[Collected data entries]
------------------------------

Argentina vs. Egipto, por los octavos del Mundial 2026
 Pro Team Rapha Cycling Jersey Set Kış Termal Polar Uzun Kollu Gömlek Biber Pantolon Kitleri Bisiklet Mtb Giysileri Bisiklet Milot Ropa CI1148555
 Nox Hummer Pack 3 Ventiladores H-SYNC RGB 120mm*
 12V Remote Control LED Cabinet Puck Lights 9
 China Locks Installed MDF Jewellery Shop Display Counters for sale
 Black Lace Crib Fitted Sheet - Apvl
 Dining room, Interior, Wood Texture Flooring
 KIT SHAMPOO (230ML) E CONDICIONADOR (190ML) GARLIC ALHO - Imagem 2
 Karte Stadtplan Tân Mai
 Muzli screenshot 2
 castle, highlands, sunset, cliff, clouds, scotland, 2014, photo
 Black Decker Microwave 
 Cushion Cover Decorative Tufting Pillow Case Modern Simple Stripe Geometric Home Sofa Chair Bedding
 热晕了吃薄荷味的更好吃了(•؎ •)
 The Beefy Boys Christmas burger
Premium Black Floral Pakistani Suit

------------------------------

**Exercise requirements:** Without omitting anything, output the data verbatim.

**The completed task:**
Argentina vs. Egipto, por los octavos del Mundial 2026
 Pro Team Rapha Cycling Jersey Set Kış Termal Polar Uzun Kollu Gömlek Biber Pantolon Kitleri Bisiklet Mtb Giysileri Bisiklet Milot Ropa CI1148555
 Nox Hummer Pack 3 Ventiladores H-SYNC RGB 120mm*
 12V Remote Control LED Cabinet Puck Lights 9
 China Locks Installed MDF Jewellery Shop Display Counters for sale
 Black Lace Crib Fitted Sheet - Apvl
 Dining room, Interior, Wood Texture Flooring
 KIT SHAMPOO (230ML) E CONDICIONADOR (190ML) GARLIC ALHO - Imagem 2
 Karte Stadtplan Tân Mai
 Muzli screenshot 2
 castle, highlands, sunset, cliff, clouds, scotland, 2014, photo
 Black Decker Microwave 
 Cushion Cover Decorative Tufting Pillow Case Modern Simple Stripe Geometric Home Sofa Chair Bedding
 热晕了吃薄荷味的更好吃了(•؎ •)
 The Beefy Boys Christmas burger
Premium Black Floral Pakistani Suit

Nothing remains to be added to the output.